HNWI real estate purchasing intentions in cities
- Net buy
- Net hold
Source: Savills World Research/Wealth Briefing
Gateway world cities remain buys, despite very strong recent performance and plateauing prices in some. Important global centres of business such as London and Dubai lead the pack, and reflect the trend for UHNWIs and HNWIs to invest in cities in which they are active in business, visit often, or simply know.
The results of our survey also reveal a broadening of purchasing intentions to other centres. Madrid, Manchester, Barcelona and Chicago are all emerging as net buys. This reflects a global trend in a crowded investors market towards higher yielding secondary property, second-tier cities and alternative assets. European cities exhibiting this trend include Amsterdam, Oslo, Brussels and Berlin.
In Asia, Tokyo looks set to see more UHNWI and HNWI investment as market recovery gathers pace. Singapore is a buy, along with neighbouring Johor Bahru, a nod toward the strategic benefits of the neighbouring Malaysian city.
Cities in emerging economies also feature on shopping lists for the next five years. Manila is a pick in the Philippines, Vientiane as Laos’ economic centre, and Phnom Penh, Cambodia’s fast-growing capital.
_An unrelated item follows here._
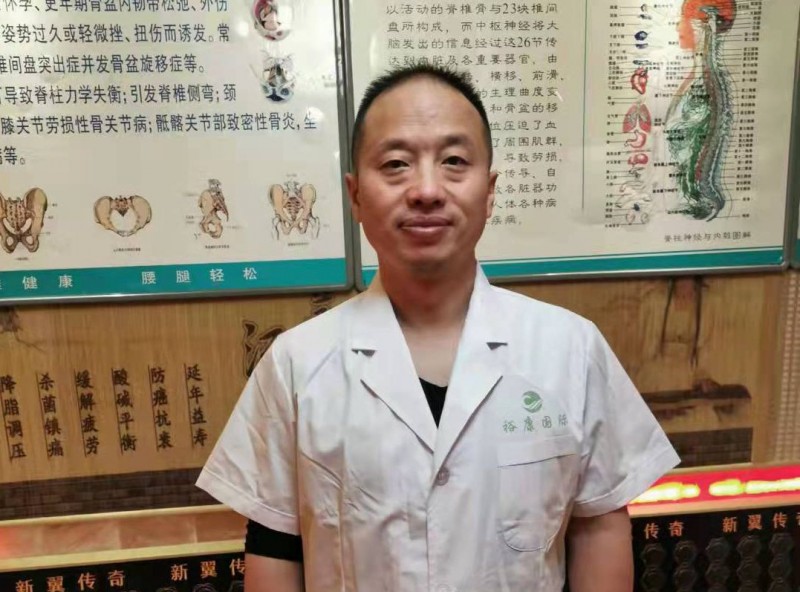 點對點脊柱矯正術(shù)創(chuàng)始人王譽(yù)璋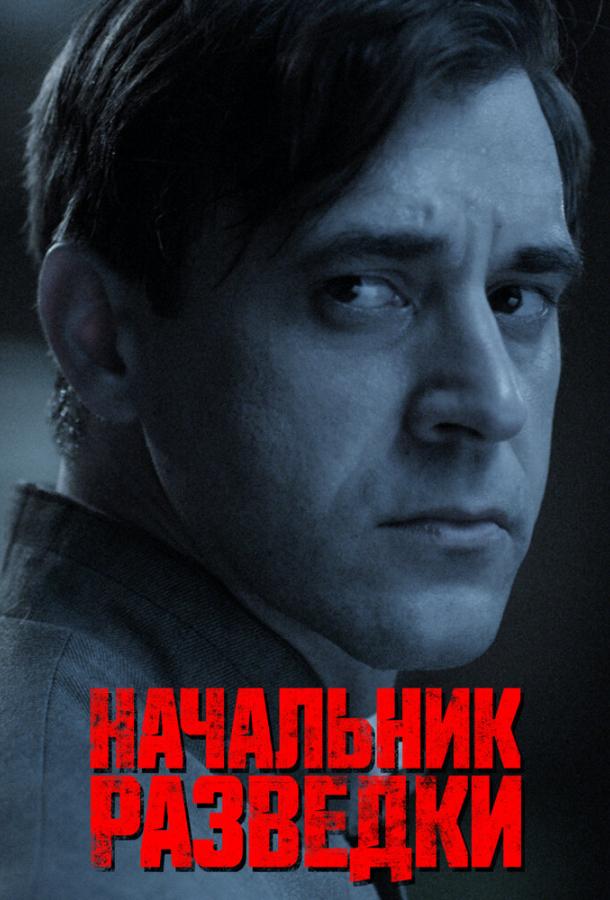 Начальник разведки (2022) онлайн бесплатно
In Latin America, Mexico City is a hold among UHNWIs and HNWIs, while smaller Querétaro, a safe, business-friendly city with an historic centre (designated a UNESCO World Heritage Site), is a buy. In Argentina, Mendoza, the largest wine- producing centre in Latin America and gateway to the Andes, stands out as a city of choice in the region.
In the US, UHNWI and HNWI investors are set to concentrate in certain pockets: the Pacific Northwest, California, Texas, parts of the southwest, and northeast, along with Toronto in Canada. Cities in these regions are driven by the knowledge economy, fast-growing local populations and in many cases, a burgeoning tech industry.
Net holds (but not new buys) include Beijing, Shanghai, Hong Kong and reflect the fact that these are already fully-invested cities as well as uncertainty around China’s growth prospects. In the US, Prospects for Los Angeles, New York, Washington DC and Miami remain positive, but as economic recovery spreads across the country, there are numerous other buying opportunities, especially in small tech-friendly regenerated cities.
African centres, including Nairobi and Cape Town, are net holds. While there has been plenty of foreign investment into income-producing assets on the continent (such as land and mining), African cities have yet to experience the same levels of inward investment seen into other regions. Africa is likely to see more acquisition activity beyond the five-year horizon of our survey.